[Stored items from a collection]
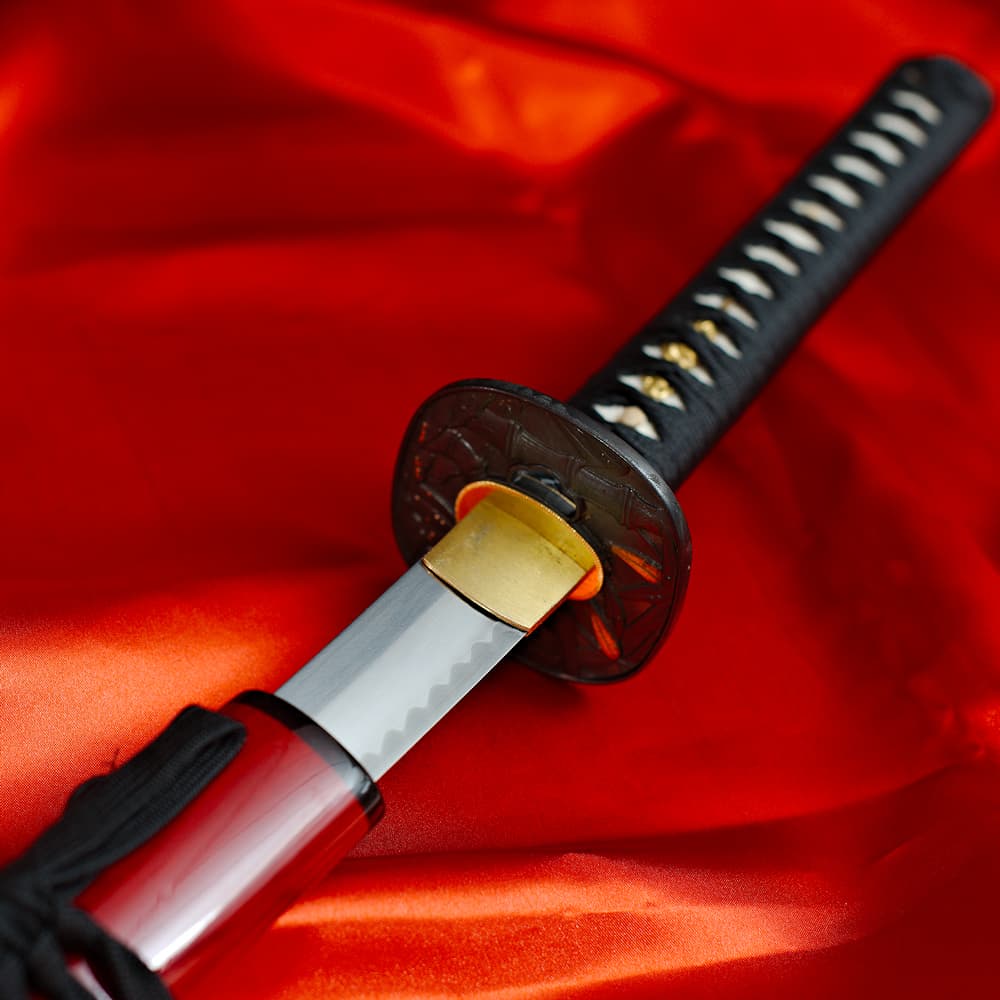 Katana aiguisé « ikazuchi » (雷 foudre, tonnerre), forge Shihomizue, trempe sélective, rouge et noir #Terressens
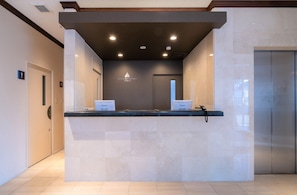 Quầy tiếp tân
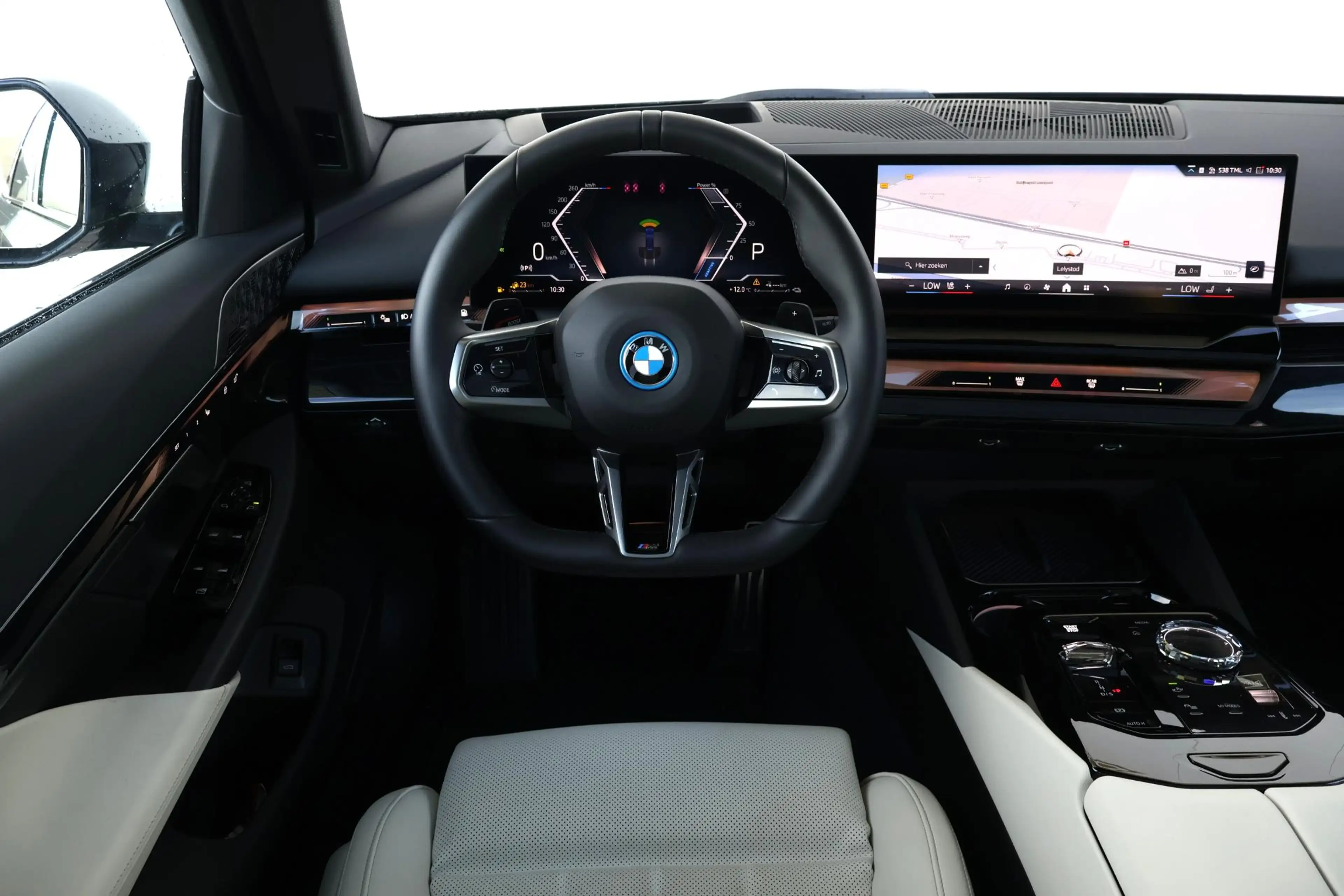 BMW 550 5-serie Touring 550e xDrive | SoH 100% | Sport Pak — photo 10
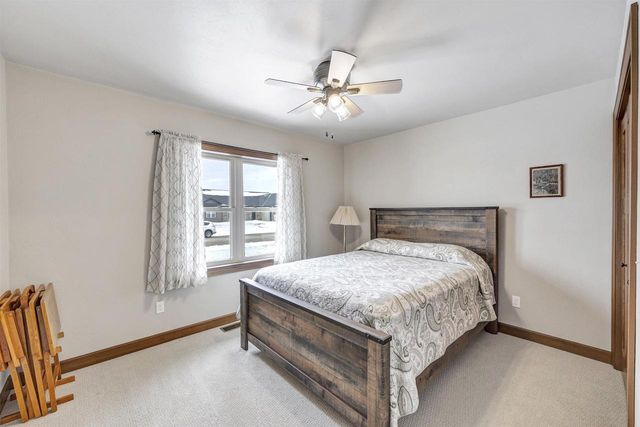 444 SUNNY VISTA COURT, Seymour, WI 54165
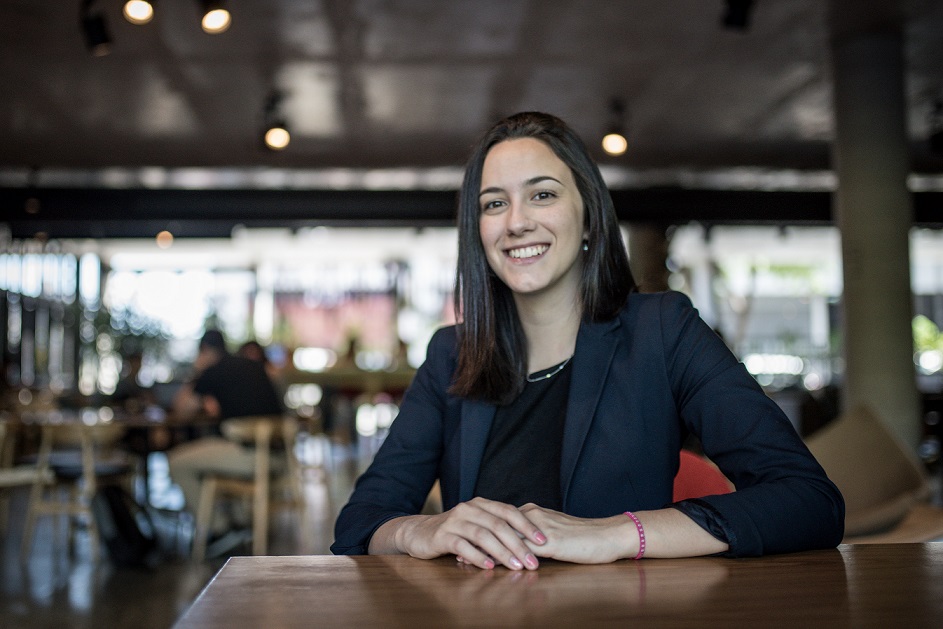 Verónica Silva, la joven que creó una app para promover la educación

● Task to carry out: The expected output is an exact retyping of the lines from the line with "Quầy tiếp tân" through the last line of the data, with both ends kept and the pictures dropped.

● Expected answer:
 Quầy tiếp tân
 BMW 550 5-serie Touring 550e xDrive | SoH 100% | Sport Pak — photo 10
 444 SUNNY VISTA COURT, Seymour, WI 54165
 Verónica Silva, la joven que creó una app para promover la educación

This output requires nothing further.